While Copping was helming Oscar de la Renta, Kim and Garcia were busy building Monse, one of New York’s buzziest young labels. Monse’s presence was immediately felt when it debuted at New York Fashion Week in September of 2015 — the collection they showed, built around playful, sexy reinterpretations of the traditional dress shirt, earned rave reviews. The brand quickly became a fixture on red carpets, worn by such sought-after stars as Sarah Jessica Parker, Selena Gomez and Lupita Nyong’o. These prominent placements were partly the result of relationships with A-list stylists Garcia cultivated during his early years at Oscar de la Renta.

And while it appeared to outsiders that Monse emerged from thin air, that, of course, was not the case. The years Kim and Garcia spent under Oscar’s tutelage left them amply prepared to launch a label with a strong commercial foundation. Though Monse skews funkier than the ready-to-wear offerings at Oscar de la Renta — it’s more adventurous in its fabric selections, more provocative in its cuts, more directional in concept — it shares a focus on wearability that Kim and Garcia picked up from Oscar himself.

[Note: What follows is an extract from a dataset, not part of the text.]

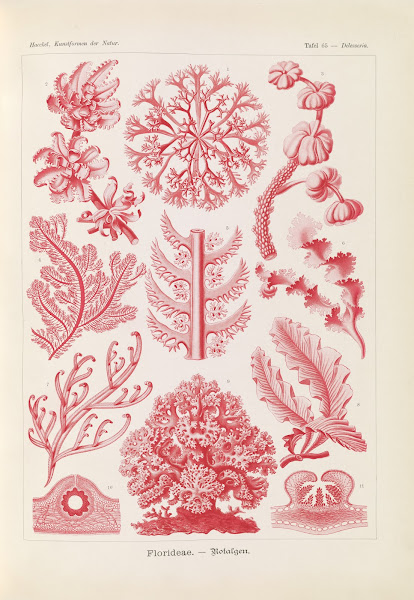 Florideae  Rotalgen 1904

Says Kim: “In fittings, Oscar always said, ‘What does that dress do for her?’ That’s something I always keep in mind.”

“Oscar always said that it’s not fashion until a woman buys it and wears it,” adds Bolen. “I think that Laura and Fernando very much take that to heart.”


Bolen is refreshingly candid about his reasons for hiring Copping over Kim and Garcia. “I was not aware of the extent of their maturity,” he admits. But the interlude proved beneficial. “I was not a boss, so to speak, when I was at Oscar,” Garcia explains. “I’ve learned, since I left and came back, how to manage a team, how to make everyone feel listened to, feel involved in the design, and feel excited every day. The most important thing that you need to run a company is a happy team.”

For Kim and Garcia, the challenge of juggling both labels has turned out to be a blessing, an energizing challenge that generates free-flowing creative momentum.“You get to switch off your thinking for one type of woman and turn it on for the other,” says Garcia. “The ideas stay — in a positive way — as naive as possible.”

While Kim and Garcia wasted no time in adding new categories to the Oscar de la Renta repertoire — denim and suiting, for instance — they are keenly aware that they have a dedicated customer base that mustn’t be alienated. Says Garcia: “It’s very important to have an evolution, not a revolution, as people say. We’re protecting that client who loves the brand and has bought so many clothes throughout the years — decades, for some. If this was a brand that relied on beauty or accessories, sure, it would have been fine to toss the DNA of the ready-to-wear out the window and start fresh with a brand new idea, but it’s a brand that’s strongest in ready-to-wear, so it has to be protected.”